IN THE UNITED STATES DISTRICT COURT FOR THE SOUTHERN DISTRICT OF WEST VIRGINIA
CHARLESTON DIVISION
DELBERT KEVIN CORDLE,
Plaintiff,
v. CIVIL ACTION NO. 2:24-cv-00594
EXPERIAN INFORMATION SOLUTIONS INC., et al.,
Defendants.
ORDER
This matter is before the Court on Plaintiff’s Motion to Compel Discovery Responses and a Deposition Witness from Defendant Trans Union, LLC, filed on May 7, 2025 (ECF No. 28). Defendant Trans Union, LLC (“Trans Union”) filed its response to Plaintiff’s motion on May 21, 2025 (ECF No. 31), and Plaintiff filed a reply thereto on May 28, 2025 (ECF No. 33). On June 6, 2025, Plaintiff and Trans Union filed a Joint Status Report informing the Court that they narrowed the scope of their dispute. (ECF No. 35).
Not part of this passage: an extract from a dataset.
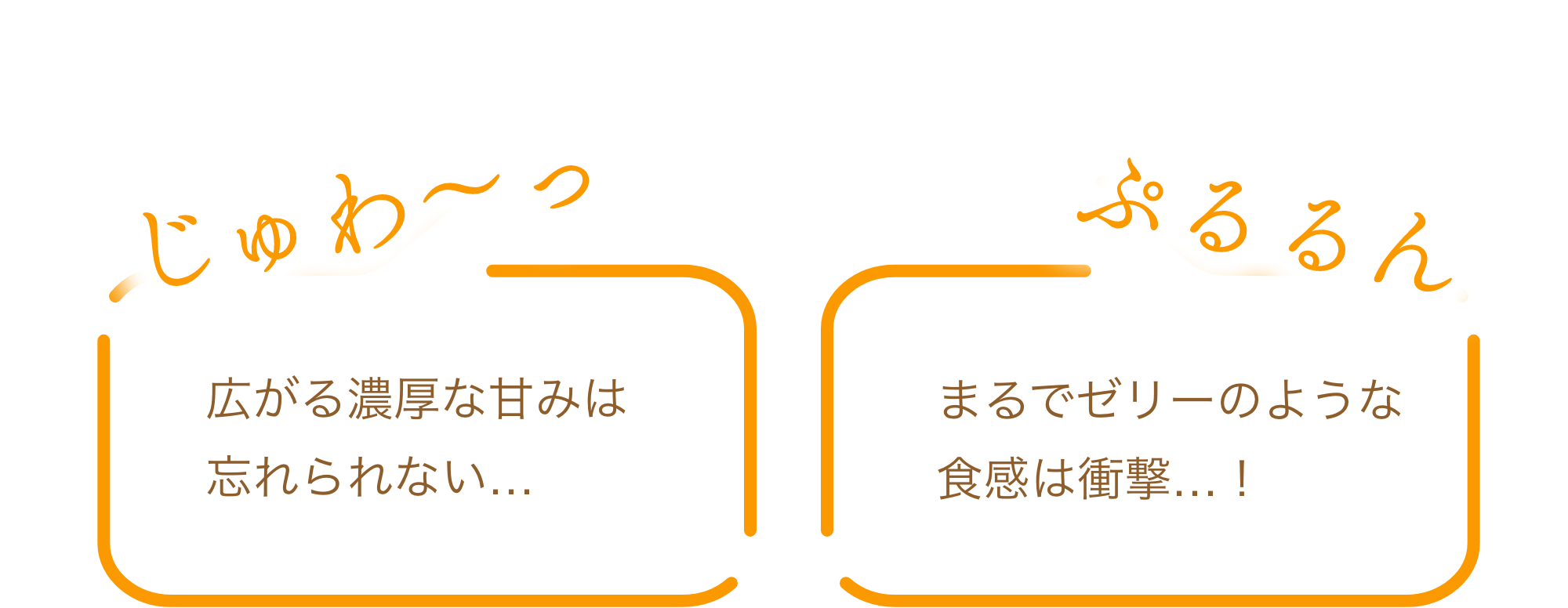 広がる濃厚な甘みは忘れられない…まるでゼリーのような食感は衝撃…！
As such, the motion is fully briefed and ripe for adjudication as modified by the parties. For the reasons set forth herein, Plaintiff’s Motion to Compel Discovery Responses and a Deposition Witness from Defendant Trans Union, LLC (ECF No. 28) is hereby GRANTED IN PART and DENIED IN PART. I. BACKGROUND Plaintiff Delbert Kevin Cordle (“Plaintiff”), by counsel, initiated this civil action against Defendants, Experian Information Solutions, Inc. (“Experian”) and Trans Union, on October 21, 2024. (ECF No. 1). In his Complaint, Plaintiff alleges that Defendants combined or mixed his credit file with another person, which resulted in the publication of inaccurate information and “Defendants’ repeated insistence on inaccurately reporting Plaintiff’s credit.” Id. Plaintiff seeks “actual, statutory, and punitive damages, and for costs and attorney’s fees, pursuant to the Fair Credit Reporting Act [(“FCRA”)].” Id. The
Court entered its operative Scheduling Order on January 24, 2025, pursuant to which the parties’ deadline to complete discovery is October 6, 2025. (ECF No. 15). Plaintiff filed his subject motion to compel on May 7, 2025, raising a number of issues therein. (ECF No. 28). After the parties completed briefing on the motion, the undersigned entered an Order directing them to confer and make a good-faith effort to narrow the areas of their disagreement to the greatest possible extent in accordance with Rule 37.1(b) of the Court’s Local Rules of Civil Procedure. (ECF No. 34). Pursuant to the Court’s Order, the parties filed a timely Joint Status Report on June 6, 2025. (ECF No. 35). Therein, the parties inform the Court that they have narrowed their areas of dispute for judicial resolution to just three “deposition topics” contained in the deposition notice Plaintiff served on Trans Union. See id. The parties agree that their previously-filed
briefing adequately addresses their dispute as to each of the three topics. (See ECF No. 31 at 8-13; ECF No. 33 at 6-7). II. DISCUSSION The subject deposition notice seeks Trans Union’s corporate-representative deposition pursuant to Rule 30(b)(6) of the Federal Rules of Civil Procedure. (See ECF No. 28-5). The parties’ disagreement extends to the following three topics noticed therein: w. The number of reinvestigations of credit disputes handled by the deponent on an annual basis and economic resources attributable to those reinvestigations. x. Amount paid to and training provided to the employees responsible for reinvestigating disputed credit reportings made by the Deponent.
y. The budgetary allocation of resources of the deponent to reinvestigations of credit reporting disputes.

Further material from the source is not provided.